Instructions to follow:
Give back exactly the lines starting at the one with "Fiberglass Female Mannequin" and ending at the last line of the data below. Pictures are not part of the copy.

Data supplied:
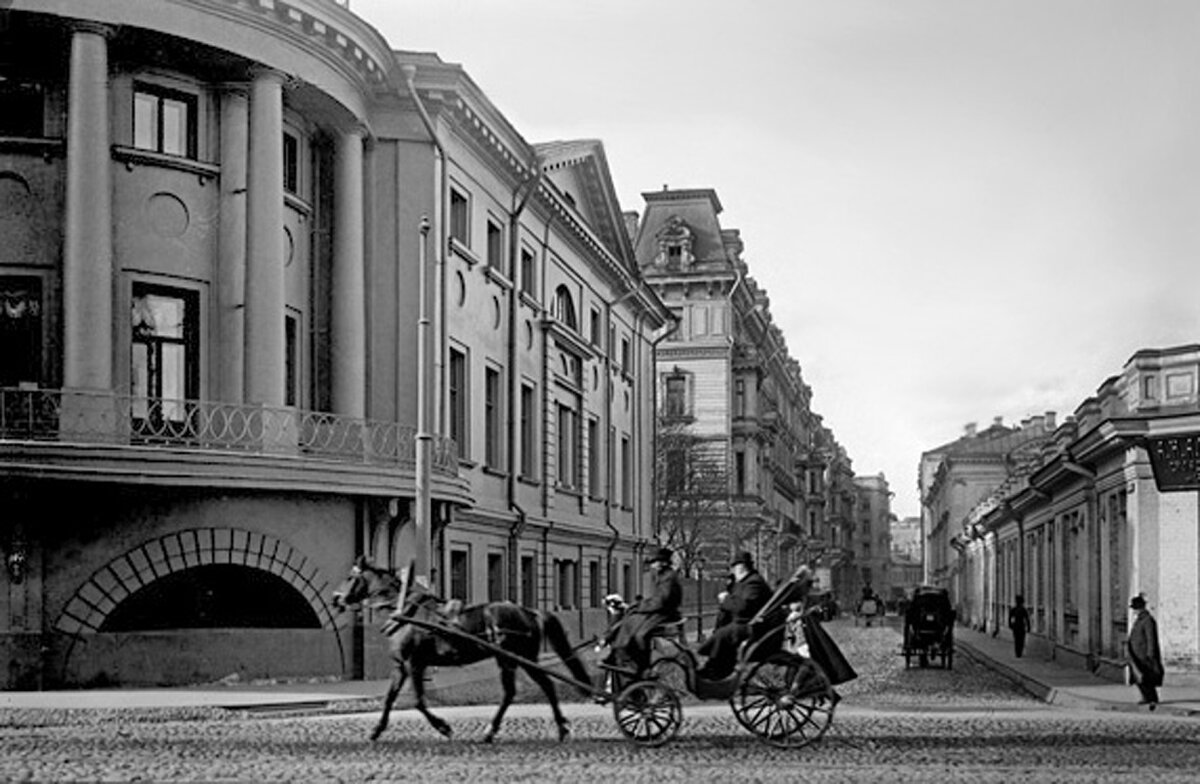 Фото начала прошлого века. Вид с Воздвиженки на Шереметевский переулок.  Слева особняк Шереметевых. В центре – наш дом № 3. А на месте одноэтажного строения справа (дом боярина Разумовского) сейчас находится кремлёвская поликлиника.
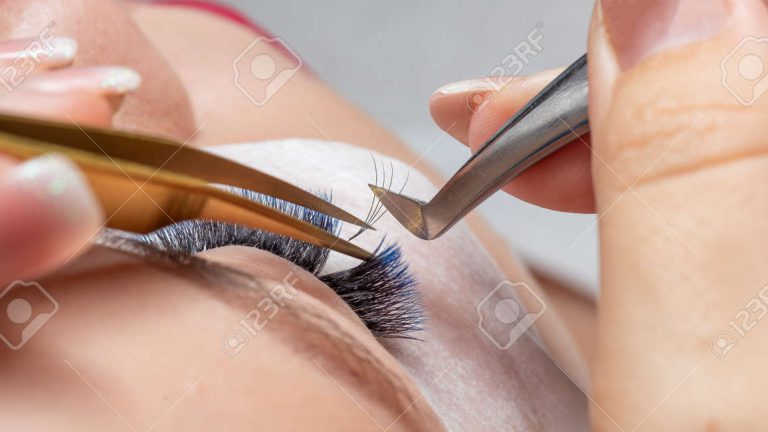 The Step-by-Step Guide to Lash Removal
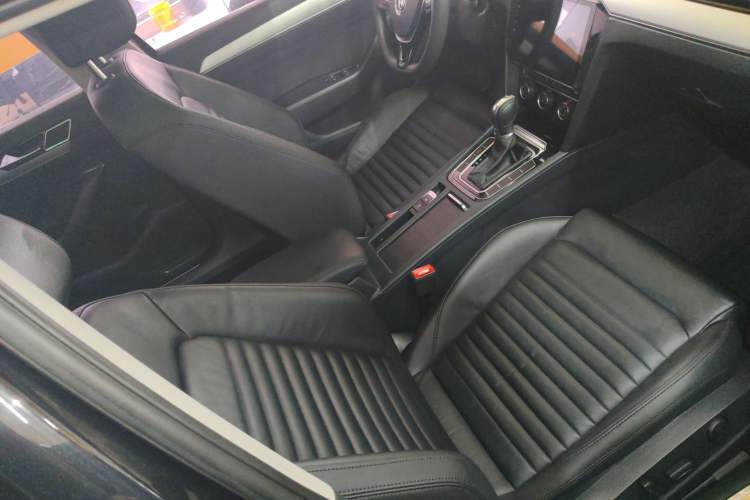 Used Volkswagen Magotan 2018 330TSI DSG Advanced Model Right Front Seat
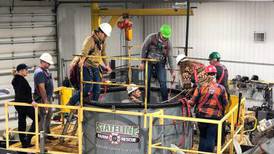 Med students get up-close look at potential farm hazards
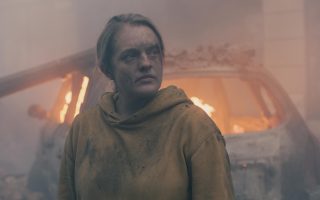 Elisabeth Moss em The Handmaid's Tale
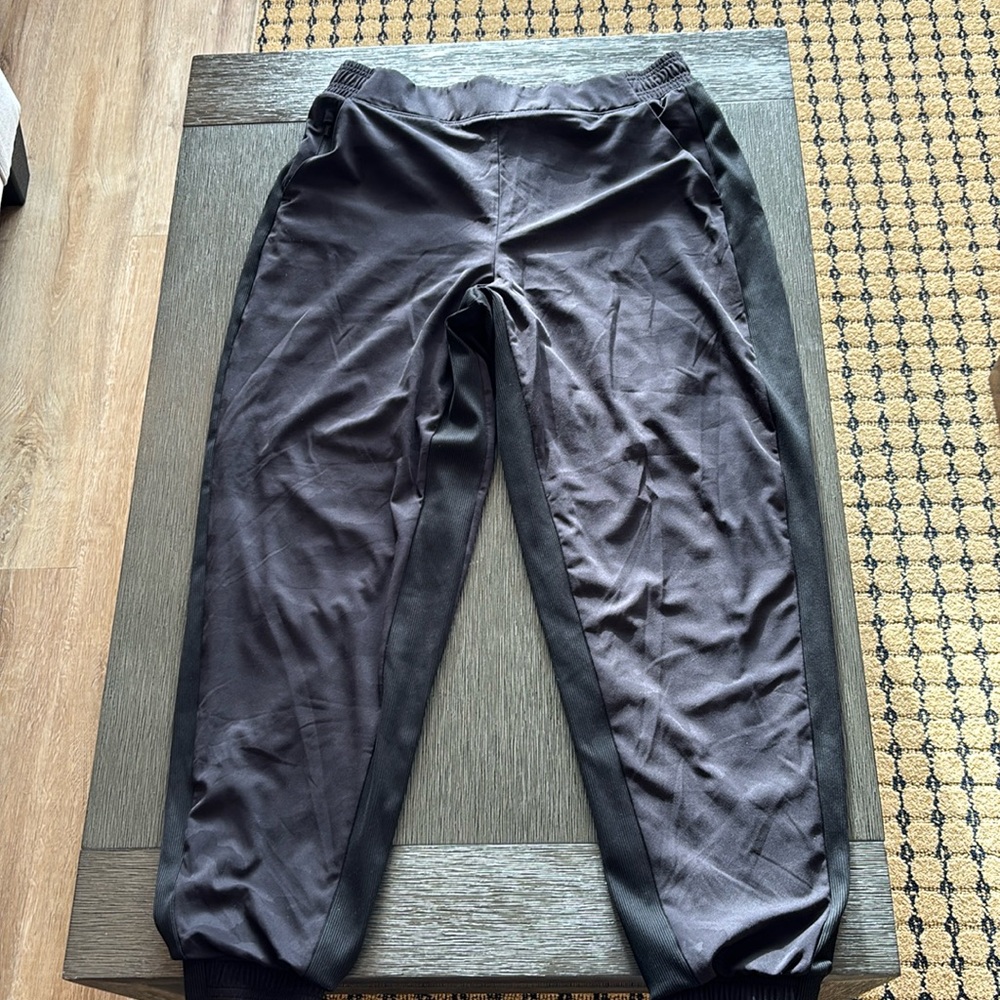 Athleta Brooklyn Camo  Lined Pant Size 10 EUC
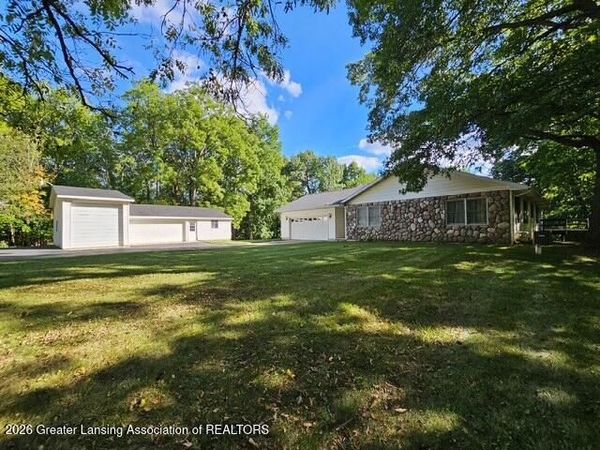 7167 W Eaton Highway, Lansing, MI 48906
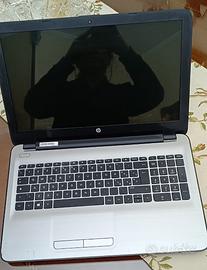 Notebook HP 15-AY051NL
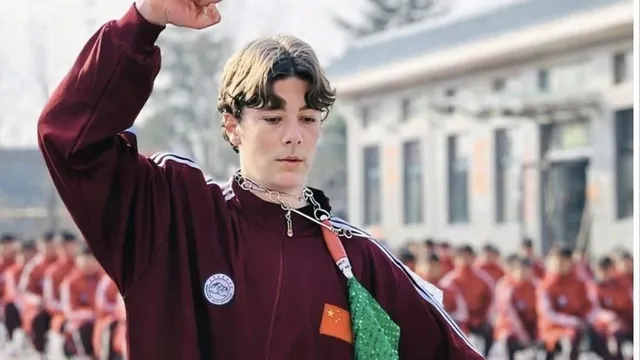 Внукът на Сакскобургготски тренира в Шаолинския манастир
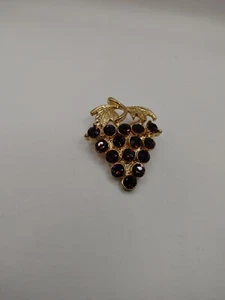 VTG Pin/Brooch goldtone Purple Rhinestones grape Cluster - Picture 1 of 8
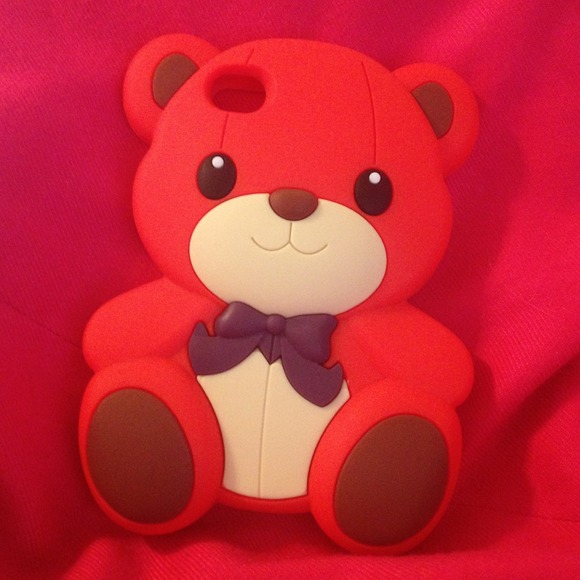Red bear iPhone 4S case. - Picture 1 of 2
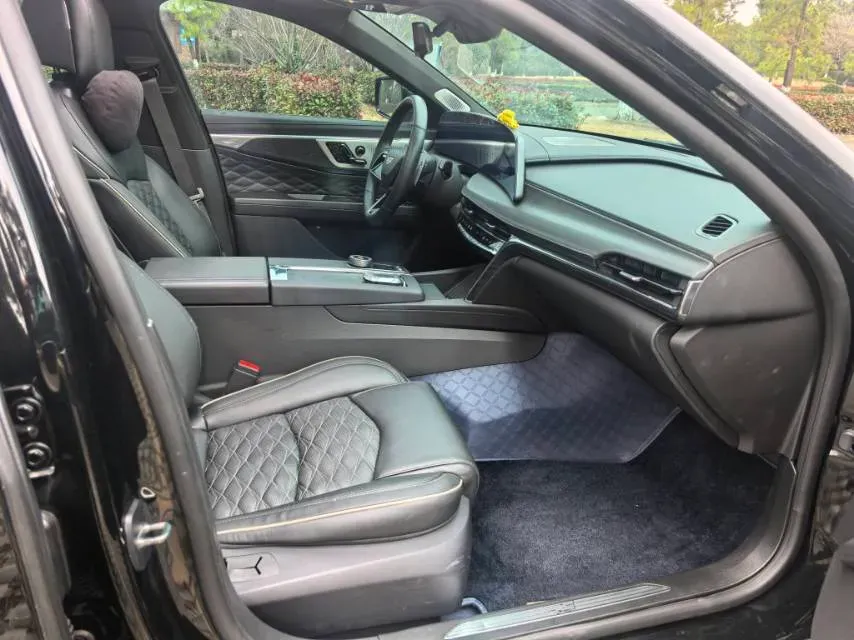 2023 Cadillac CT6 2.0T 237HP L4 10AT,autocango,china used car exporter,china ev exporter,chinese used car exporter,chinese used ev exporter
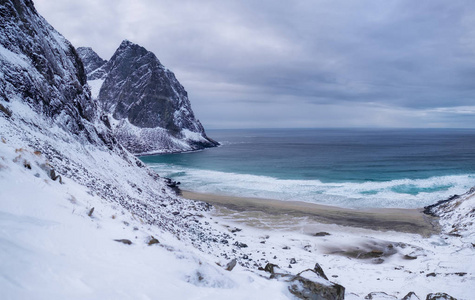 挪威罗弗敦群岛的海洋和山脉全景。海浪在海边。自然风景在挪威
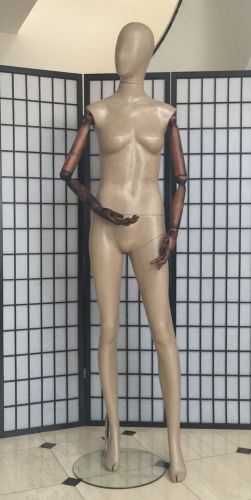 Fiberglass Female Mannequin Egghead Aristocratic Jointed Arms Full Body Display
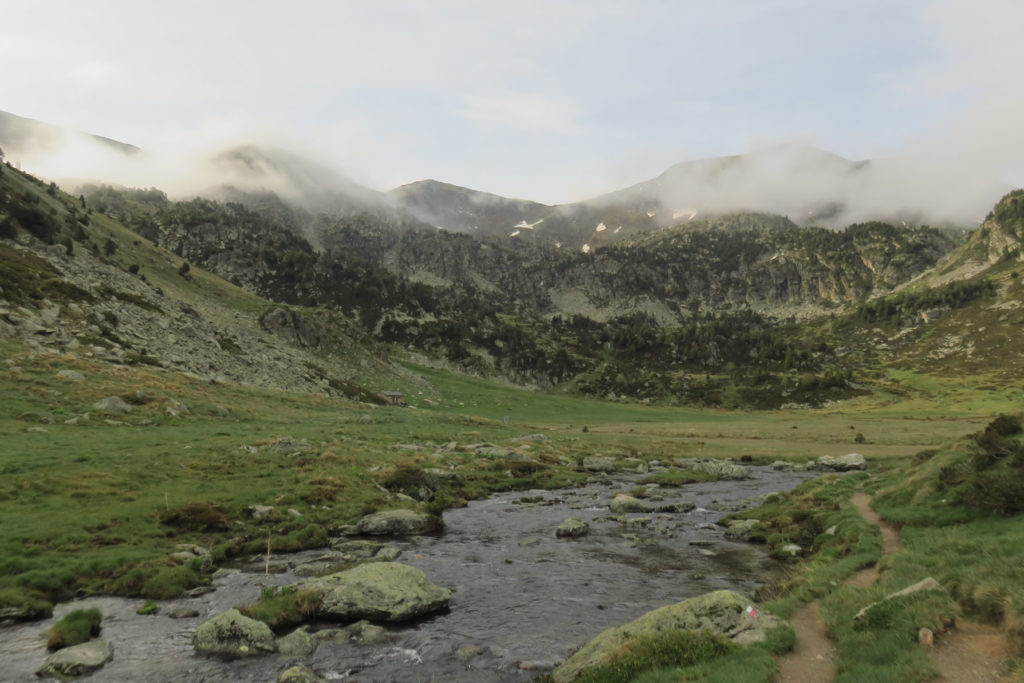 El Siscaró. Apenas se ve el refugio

Written reply:
 Fiberglass Female Mannequin Egghead Aristocratic Jointed Arms Full Body Display
 El Siscaró. Apenas se ve el refugio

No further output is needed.